[Short text fragments from websites]
------------------------

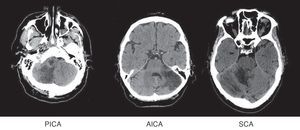 Brain CT: examples of cerebellar infarcts from each of the territories.
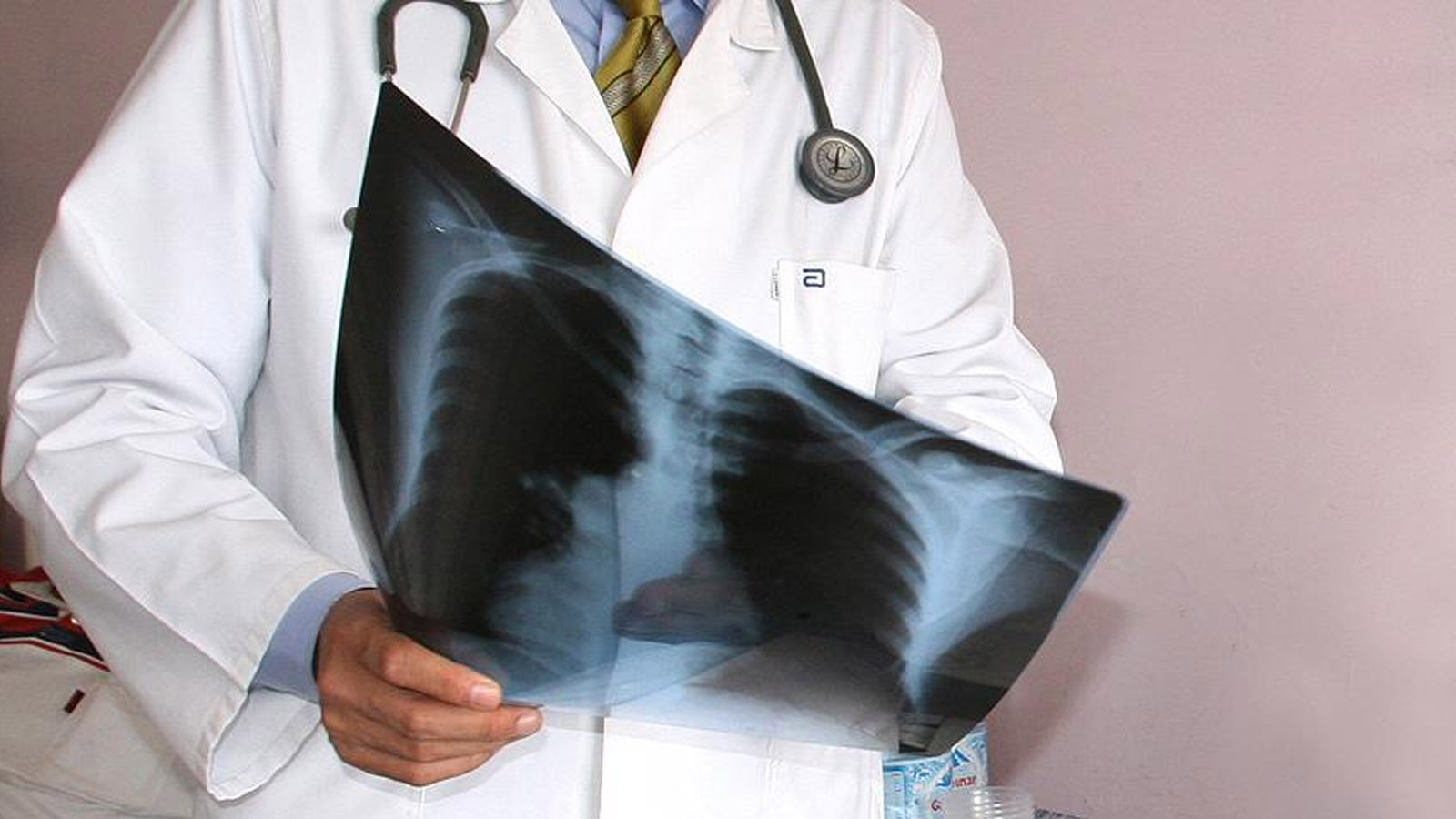 Soğuk havalarda zatürreye dikkat: Erken müdahale önemli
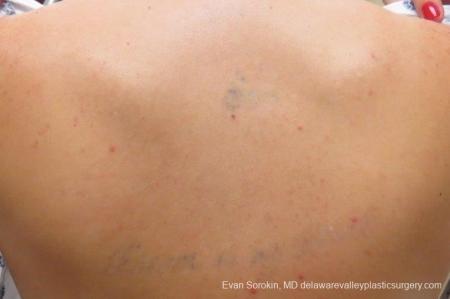 Philadelphia Tattoo Removal 8645 - After Image 1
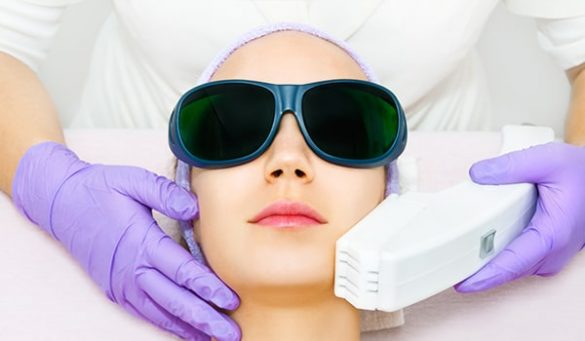 Laser Hair Removal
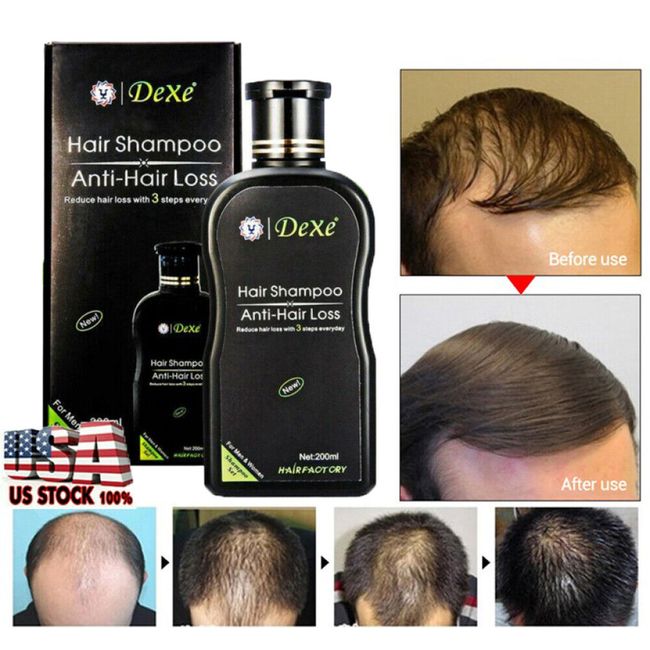 200ml Dexe Original Anti Hair Loss Shampoo Natural Herbal Hair Growth Treatment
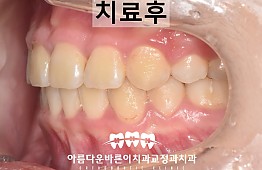수술후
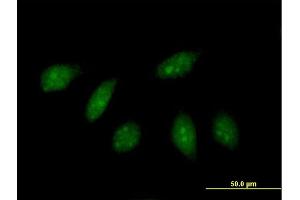 Immunofluorescence of purified MaxPab antibody to HLX on HeLa cell. (HLX 抗体  (AA 1-488))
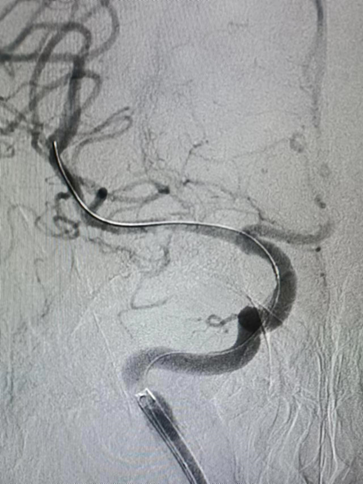 导丝怎么扩【载药时代 球扩天下】NOVA DES®颅内药物洗脱支架在大脑中动脉重度狭窄的应用二例！_https://www.jmylbn.com_新闻资讯_第24张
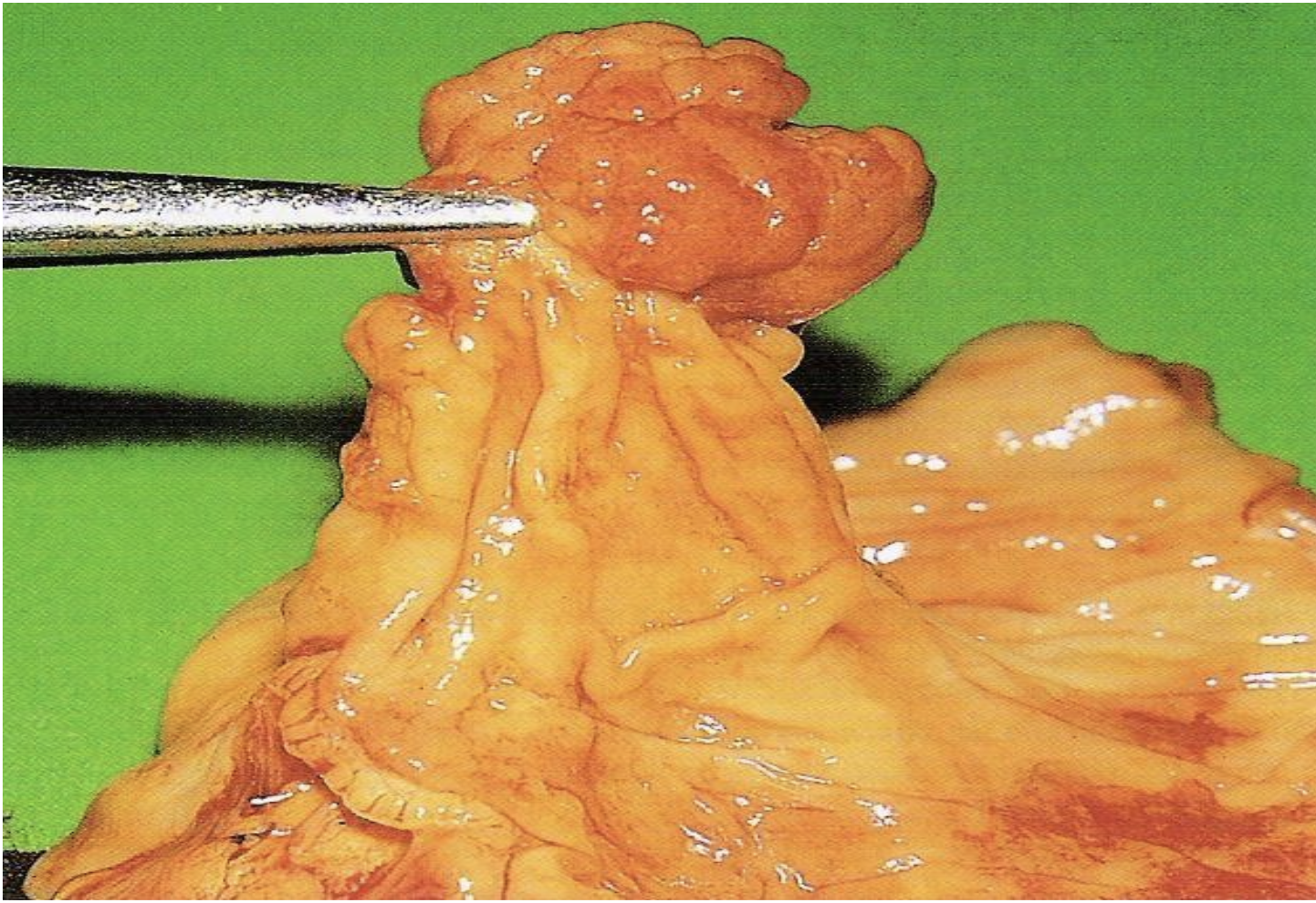 <p>Identify the <strong>organ</strong> and the <strong>diagnosis</strong> in this format: <em>diagnosis, organ</em></p>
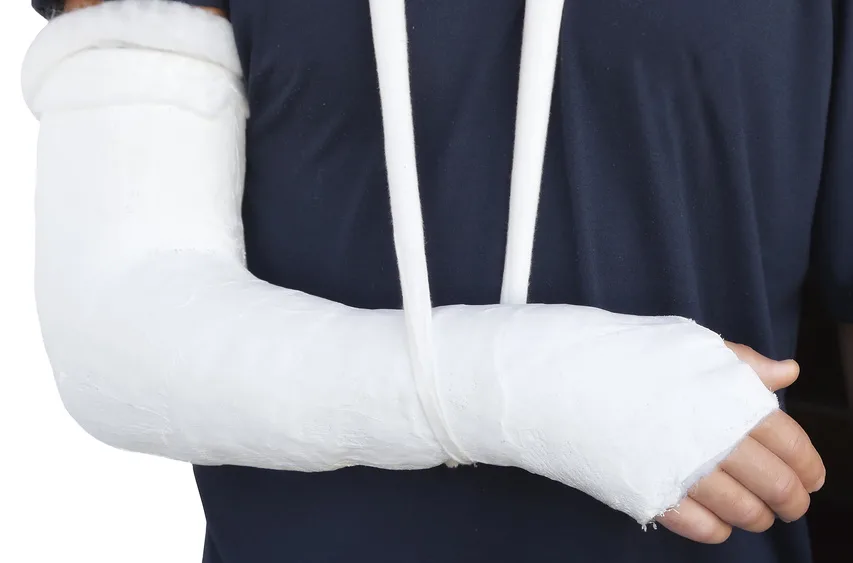 Bras dans le plâtre, soutenu par une écharpe blanche, pour l'accident du travail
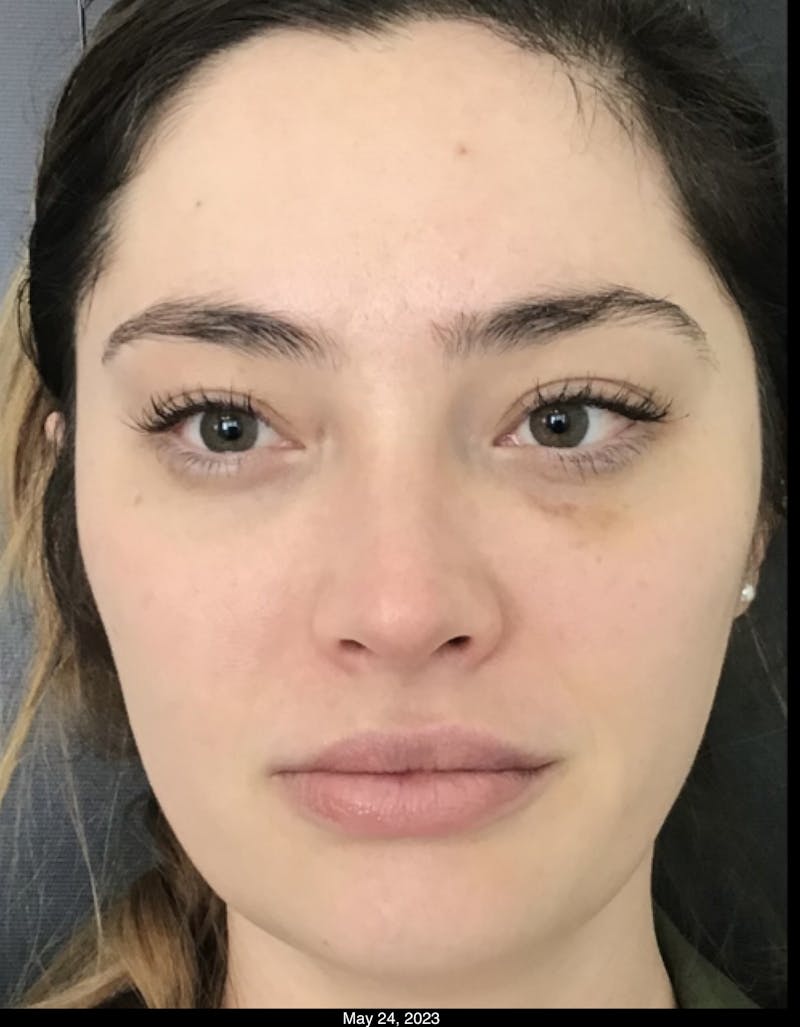 Dermal Fillers Before & After Gallery - Patient 330022 - Image 2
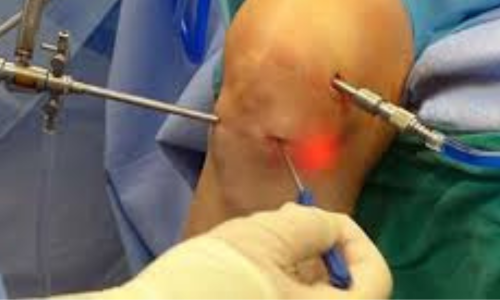 Best Arthroscopy Surgery in Hyderabad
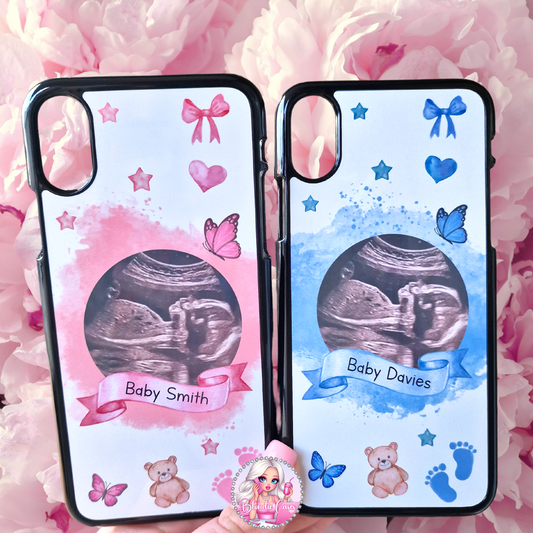 Pregnancy Baby Scan Phone Case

------------------------

▶ EXERCISE REQUIREMENTS: Copy each entry exactly as written, and drop the pictures from the copy.

▶ SOLUTION FOR THIS EXERCISE:
 Brain CT: examples of cerebellar infarcts from each of the territories.
 Soğuk havalarda zatürreye dikkat: Erken müdahale önemli
 Philadelphia Tattoo Removal 8645 - After Image 1
 Laser Hair Removal
 200ml Dexe Original Anti Hair Loss Shampoo Natural Herbal Hair Growth Treatment
수술후
 Immunofluorescence of purified MaxPab antibody to HLX on HeLa cell. (HLX 抗体  (AA 1-488))
 导丝怎么扩【载药时代 球扩天下】NOVA DES®颅内药物洗脱支架在大脑中动脉重度狭窄的应用二例！_https://www.jmylbn.com_新闻资讯_第24张
 <p>Identify the <strong>organ</strong> and the <strong>diagnosis</strong> in this format: <em>diagnosis, organ</em></p>
 Bras dans le plâtre, soutenu par une écharpe blanche, pour l'accident du travail
 Dermal Fillers Before & After Gallery - Patient 330022 - Image 2
 Best Arthroscopy Surgery in Hyderabad
 Pregnancy Baby Scan Phone Case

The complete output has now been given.